One more surprise comes in the field of Formula One Motor sports with team McLaren announcing its new car name and thus breaking their old tradition. This is another surprise and new element which has kicked in the F1 sports circuit as with each day something new and exciting is keeping the enthusiastic fans at their knees. Everyone is eagerly waiting what will be a new surprise before the racing seasons kick off next month.
McLaren have announced that their 2017 car will be called the MCL32, breaking with the ‘MP4’ nomenclature that had been in place since 1981. The move follows former chairman Ron Dennis’s departure from the team, the Englishman having brought the MP4 designation to McLaren when his Project Four Formula 2 team merged with the F1 squad in the early Eighties. Dennis was behind the original MP4 name. He was forced out following a boardroom dispute, bringing an end to his 36-year stay. He was replaced by Zak Brown, a former F3 racer from the United States who founded the motorsport marketing company JMI in 1995.
Now, McLaren’s 2017 Formula One car will be a break with the past, and the era of now-departed boss Ron Dennis, the team said on Friday.”2017 is all about change, and our car name is changing too,” McLaren said on Twitter, announcing the car would no longer have the MP4 prefix that has been carried by every McLaren since 1981.

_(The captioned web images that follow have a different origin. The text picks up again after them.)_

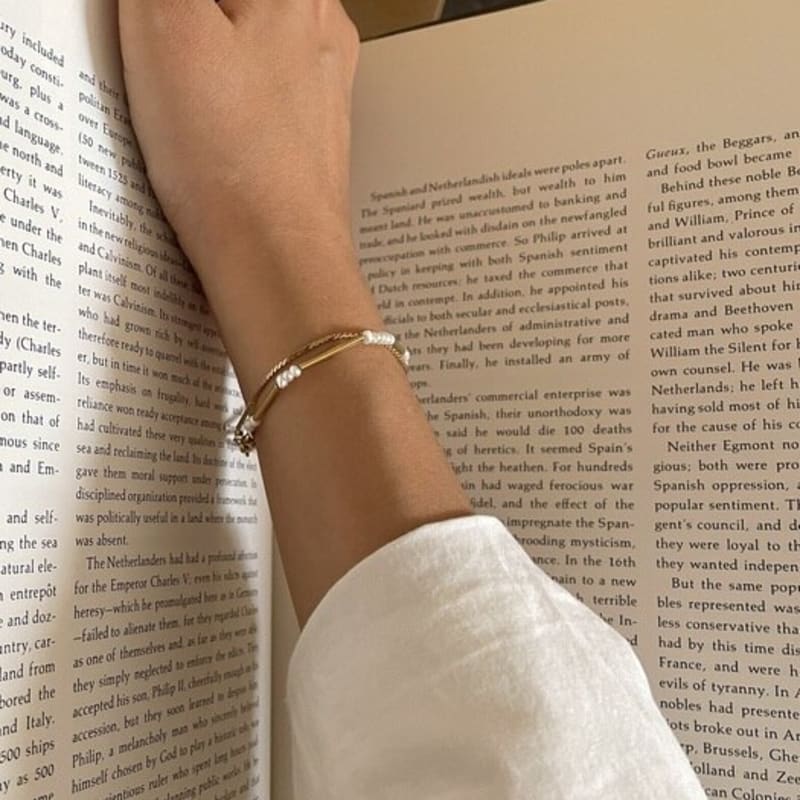 THE BORING tiny pearl bracelet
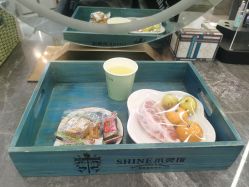 -水灵珑美容造型中心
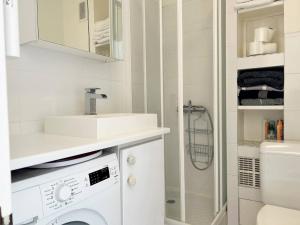 Appartements Studio climatise 2★, 2 balcons, proche plage, Le Lavandou - FR-1-251-475 : photos des chambres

The prefix alluded to Project Four, a team founded by Dennis in 1976 that merged with McLaren in 1980. Dennis was forced out as team boss by McLaren shareholders in November, with American Zak Brown coming in as executive director of the former world champions. McLaren said the new Honda-powered car, which would have been the MP4-32, would now be designated the MCL32. The car is due to be launched at the team’s Woking headquarters on Feb. 24. Formula One is undergoing major change this year, with Liberty Media taking over as the commercial rights holder and American Chase Carey replacing Bernie Ecclestone as chief executive.
On the track, the cars will have bigger tyres and revamped aerodynamics aimed at making them faster, more aggressive looking and harder to handle.